In other words, Waiting for Superman is a moving but vastly oversimplified brief on American educational inequality. Nevertheless, it has been greeted by rapturous reviews.
"Can One Little Movie Save America's Schools?" asked the cover of New York magazine. On September 20 The Oprah Winfrey Show featured the film's director, Davis Guggenheim, of An Inconvenient Truth. Tom Friedman of the New York Times devoted a column to praising the film. Time published an education issue coinciding with the documentary's release and is planning a conference built in part around the school reform strategies the film endorses. NBC, too, will host an education reform conference in late September; Waiting for Superman will be screened and debated there, and many of the reformers involved in its production will be there.

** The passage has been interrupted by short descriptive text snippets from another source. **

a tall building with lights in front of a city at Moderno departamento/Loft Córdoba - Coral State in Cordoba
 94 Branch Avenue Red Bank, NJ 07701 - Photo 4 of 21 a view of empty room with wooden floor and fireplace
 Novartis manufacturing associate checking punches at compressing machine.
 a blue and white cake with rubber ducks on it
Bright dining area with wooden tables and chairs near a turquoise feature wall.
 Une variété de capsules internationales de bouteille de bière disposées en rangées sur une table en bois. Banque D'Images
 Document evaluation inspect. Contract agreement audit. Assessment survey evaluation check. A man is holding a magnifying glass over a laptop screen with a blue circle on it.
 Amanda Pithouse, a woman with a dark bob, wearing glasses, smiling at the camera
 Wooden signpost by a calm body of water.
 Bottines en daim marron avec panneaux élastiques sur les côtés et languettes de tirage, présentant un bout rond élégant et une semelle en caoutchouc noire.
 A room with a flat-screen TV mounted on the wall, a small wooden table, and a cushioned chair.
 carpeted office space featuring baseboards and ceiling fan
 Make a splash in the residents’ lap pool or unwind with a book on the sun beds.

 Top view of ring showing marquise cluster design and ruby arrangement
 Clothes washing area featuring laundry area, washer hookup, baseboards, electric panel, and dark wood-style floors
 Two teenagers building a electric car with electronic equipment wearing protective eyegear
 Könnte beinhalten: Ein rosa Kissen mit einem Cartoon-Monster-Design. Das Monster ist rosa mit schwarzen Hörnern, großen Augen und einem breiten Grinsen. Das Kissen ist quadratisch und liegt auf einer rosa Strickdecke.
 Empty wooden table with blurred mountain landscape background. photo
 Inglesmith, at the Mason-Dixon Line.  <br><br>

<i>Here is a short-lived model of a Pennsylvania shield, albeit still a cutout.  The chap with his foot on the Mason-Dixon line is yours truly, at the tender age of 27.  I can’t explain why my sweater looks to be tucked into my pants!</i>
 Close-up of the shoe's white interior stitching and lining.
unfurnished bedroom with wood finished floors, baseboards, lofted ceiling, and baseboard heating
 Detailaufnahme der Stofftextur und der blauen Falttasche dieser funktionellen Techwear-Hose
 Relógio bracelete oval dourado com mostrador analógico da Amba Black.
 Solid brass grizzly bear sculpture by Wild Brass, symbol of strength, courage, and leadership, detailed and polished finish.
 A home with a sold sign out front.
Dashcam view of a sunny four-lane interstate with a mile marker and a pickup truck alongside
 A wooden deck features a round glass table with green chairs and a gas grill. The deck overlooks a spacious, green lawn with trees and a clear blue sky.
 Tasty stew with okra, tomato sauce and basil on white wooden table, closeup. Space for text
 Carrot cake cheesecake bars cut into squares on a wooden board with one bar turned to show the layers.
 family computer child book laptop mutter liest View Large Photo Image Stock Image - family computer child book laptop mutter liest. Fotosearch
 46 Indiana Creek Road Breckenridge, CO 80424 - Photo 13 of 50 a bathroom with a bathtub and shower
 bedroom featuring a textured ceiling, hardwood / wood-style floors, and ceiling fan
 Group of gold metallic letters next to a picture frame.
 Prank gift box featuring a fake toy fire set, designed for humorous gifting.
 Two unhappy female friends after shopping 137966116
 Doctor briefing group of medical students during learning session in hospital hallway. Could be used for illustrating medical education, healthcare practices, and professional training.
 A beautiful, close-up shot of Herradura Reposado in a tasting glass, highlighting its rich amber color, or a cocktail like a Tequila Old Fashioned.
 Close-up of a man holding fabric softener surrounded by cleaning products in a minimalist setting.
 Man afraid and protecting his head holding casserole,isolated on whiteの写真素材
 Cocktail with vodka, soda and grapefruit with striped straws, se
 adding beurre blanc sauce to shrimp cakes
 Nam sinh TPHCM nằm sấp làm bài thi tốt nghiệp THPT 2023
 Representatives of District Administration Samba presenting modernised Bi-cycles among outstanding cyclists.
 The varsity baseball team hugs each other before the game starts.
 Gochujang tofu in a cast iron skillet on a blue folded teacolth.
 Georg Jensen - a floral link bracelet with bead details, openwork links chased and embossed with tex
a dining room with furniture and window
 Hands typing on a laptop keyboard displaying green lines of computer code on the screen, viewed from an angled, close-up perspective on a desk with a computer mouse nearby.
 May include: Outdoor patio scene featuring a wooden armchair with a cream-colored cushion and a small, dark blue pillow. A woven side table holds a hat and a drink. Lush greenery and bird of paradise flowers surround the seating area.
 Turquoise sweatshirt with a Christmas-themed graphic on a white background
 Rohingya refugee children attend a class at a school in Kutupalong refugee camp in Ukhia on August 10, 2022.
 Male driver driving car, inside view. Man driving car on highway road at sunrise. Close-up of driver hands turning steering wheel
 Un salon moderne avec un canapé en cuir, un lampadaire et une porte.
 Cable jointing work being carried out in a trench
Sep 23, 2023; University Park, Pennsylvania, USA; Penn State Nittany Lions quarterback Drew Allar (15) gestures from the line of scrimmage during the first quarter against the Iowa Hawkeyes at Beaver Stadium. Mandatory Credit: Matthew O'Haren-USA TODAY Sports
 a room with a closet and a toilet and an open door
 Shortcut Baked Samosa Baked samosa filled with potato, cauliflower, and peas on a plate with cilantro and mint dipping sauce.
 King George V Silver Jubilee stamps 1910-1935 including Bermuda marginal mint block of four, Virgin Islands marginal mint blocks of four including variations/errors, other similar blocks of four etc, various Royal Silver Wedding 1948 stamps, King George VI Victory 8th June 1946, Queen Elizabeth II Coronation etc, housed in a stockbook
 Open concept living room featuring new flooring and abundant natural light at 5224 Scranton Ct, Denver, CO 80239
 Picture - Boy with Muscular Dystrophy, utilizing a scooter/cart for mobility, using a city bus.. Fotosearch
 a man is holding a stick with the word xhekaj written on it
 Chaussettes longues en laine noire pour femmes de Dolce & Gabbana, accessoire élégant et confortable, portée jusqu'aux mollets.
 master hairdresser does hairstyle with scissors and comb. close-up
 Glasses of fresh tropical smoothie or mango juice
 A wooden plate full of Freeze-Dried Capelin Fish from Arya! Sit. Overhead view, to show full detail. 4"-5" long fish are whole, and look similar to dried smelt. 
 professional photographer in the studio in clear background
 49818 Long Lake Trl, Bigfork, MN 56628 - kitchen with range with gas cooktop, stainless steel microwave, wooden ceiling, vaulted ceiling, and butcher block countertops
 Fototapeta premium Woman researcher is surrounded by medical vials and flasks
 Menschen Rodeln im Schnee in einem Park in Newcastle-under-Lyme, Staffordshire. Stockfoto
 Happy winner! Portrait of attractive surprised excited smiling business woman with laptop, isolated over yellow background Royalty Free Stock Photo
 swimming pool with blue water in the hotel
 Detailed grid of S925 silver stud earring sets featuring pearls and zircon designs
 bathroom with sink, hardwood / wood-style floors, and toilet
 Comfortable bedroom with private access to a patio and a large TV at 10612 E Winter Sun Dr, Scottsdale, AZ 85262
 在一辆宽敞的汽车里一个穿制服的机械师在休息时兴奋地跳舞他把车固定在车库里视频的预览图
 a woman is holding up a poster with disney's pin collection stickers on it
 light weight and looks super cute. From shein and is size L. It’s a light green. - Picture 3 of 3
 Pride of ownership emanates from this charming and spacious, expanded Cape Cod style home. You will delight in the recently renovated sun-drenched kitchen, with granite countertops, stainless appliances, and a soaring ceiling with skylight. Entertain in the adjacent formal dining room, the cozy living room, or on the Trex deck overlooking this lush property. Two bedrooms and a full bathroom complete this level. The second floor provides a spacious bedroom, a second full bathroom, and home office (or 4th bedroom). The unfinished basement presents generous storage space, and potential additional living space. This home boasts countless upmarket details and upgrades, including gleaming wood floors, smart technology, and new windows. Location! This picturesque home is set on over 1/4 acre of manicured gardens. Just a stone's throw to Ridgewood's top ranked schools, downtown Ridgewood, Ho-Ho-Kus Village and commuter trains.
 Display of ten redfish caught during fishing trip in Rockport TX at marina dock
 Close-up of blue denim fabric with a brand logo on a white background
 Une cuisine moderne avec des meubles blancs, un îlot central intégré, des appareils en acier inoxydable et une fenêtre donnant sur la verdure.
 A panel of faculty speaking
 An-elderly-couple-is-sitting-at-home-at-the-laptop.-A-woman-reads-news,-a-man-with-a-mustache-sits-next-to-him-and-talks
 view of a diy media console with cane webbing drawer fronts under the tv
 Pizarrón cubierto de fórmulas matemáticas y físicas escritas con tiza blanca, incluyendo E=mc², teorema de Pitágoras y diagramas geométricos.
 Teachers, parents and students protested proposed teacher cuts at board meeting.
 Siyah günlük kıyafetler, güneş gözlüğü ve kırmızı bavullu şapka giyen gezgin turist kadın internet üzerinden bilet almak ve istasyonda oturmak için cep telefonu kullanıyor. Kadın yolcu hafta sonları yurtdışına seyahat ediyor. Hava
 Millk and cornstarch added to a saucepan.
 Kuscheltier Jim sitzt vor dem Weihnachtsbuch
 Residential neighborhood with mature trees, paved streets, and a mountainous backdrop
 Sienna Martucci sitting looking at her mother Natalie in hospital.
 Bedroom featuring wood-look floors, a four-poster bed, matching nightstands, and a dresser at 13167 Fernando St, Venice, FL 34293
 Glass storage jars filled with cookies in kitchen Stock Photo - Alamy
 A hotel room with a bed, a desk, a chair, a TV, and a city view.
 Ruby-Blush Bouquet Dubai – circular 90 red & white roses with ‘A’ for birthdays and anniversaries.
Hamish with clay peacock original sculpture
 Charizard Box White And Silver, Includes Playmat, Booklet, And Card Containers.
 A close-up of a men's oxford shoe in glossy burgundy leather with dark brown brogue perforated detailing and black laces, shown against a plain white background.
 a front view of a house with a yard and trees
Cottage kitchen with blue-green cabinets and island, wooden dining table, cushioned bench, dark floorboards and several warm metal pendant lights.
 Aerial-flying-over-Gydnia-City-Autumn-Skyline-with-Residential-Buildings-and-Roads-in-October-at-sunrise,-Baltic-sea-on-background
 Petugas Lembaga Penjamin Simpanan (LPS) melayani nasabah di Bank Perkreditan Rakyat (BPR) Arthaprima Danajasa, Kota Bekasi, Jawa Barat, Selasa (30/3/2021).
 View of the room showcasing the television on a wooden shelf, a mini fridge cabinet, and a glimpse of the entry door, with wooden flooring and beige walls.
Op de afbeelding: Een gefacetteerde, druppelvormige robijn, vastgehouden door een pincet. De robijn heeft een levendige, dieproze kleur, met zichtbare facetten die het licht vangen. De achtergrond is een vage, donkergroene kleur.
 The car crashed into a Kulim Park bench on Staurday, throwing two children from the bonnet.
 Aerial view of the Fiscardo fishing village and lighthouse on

Katie Couric of CBS Evening News has promised a series of segments based on the movie.
Meanwhile, mega-philanthropist Bill Gates, who appears in Waiting for Superman, hit the road in early September to promote the film; while he was at it, he told an audience at the Toronto International Film Festival that school districts should cut pension payments for retired teachers. Other players in the free-market school reform movement, most of whom had seen the documentary at early screenings for opinion leaders and policy-makers, anticipated its September 24 release with cautious optimism.
The media excitement around the film "is beginning to open up an overdue public conversation," says Amy Wilkins, vice president at the Washington advocacy group Education Trust. "Do I think the coverage is always elegant and superior and perfect? No. Of course there is going to be some bumbling and stumbling. But the fact that the film is provoking this conversation is really important for teachers and kids."
Indeed, a tense public sparring match over the achievement gap, unions and the future of the teaching profession is already under way. In August the Los Angeles Times defied the protests of unions and many education policy experts by publishing a searchable online database of elementary school teachers' effectiveness rankings. The newspaper's calculations were made using a new statistical method called value-added measurement, which is based on children's standardized test scores and which social scientists across the political spectrum agree is volatile and often flawed.
In Washington, Mayor Adrian Fenty lost his re-election bid in part because of black voters' skepticism toward his aggressive school reform efforts, led by lightning-rod schools chancellor Michelle Rhee, who pursued an agenda of closing troubled neighborhood schools, instituting a privately funded merit-pay program for teachers and firing teachers and principals deemed ineffective. And at the federal level, President Obama's signature education program, the Race to the Top grant competition, pressures states to implement many of the most controversial teacher reforms, including merit pay based on value-added measurement.
Yet under the radar of this polarized debate, union affiliates across the country are coming to the table to talk about effective teaching in a more meaningful way than they ever have before. These stories of cooperation, from Pittsburgh to Memphis, are rarely being told, in part because national union leaders are worried about vocally stepping out beyond their members, and in part because of the media's tendency to finger-point at organized labor.
As in the work of influential magazine writer Steven Brill, this intra-union ferment is ignored in Waiting for Superman. The film presents teachers unions as the villains in the struggle to close the achievement gap, despite their long history of advocating for more school funding, smaller class sizes and better school resources and facilities. Guggenheim represents the unions through Randi Weingarten, president of the 1.5 million–member American Federation of Teachers (AFT). Ominous music plays during some of her interviews, which are presented alongside footage of Harlem Children's Zone founder Geoffrey Canada and former Milwaukee superintendent and school-voucher proponent Howard Fuller complaining that union contracts protect bad teachers.
But in real life, Weingarten is the union leader most credited by even free-market education reformers with being committed to retooling the teaching profession to better emphasize professional excellence and student achievement.
"The education landscape has changed pretty profoundly, and the unions have to adapt," says Tim Daly, president of the New Teacher Project, a Teach for America (TFA) offshoot often seen as a counterweight to the power of unions and teachers colleges. "It's no longer just school districts they're dealing with but charter schools, accountability measures that flow from Washington and new governance structures such as mayoral control and state takeovers.
"Teachers unions have really struggled over the last two decades to recruit good, visionary new leadership prepared to help the unions navigate this," Daly continues. "There are exceptions. The most glaring, notable exception is Randi. She has a long career ahead of her."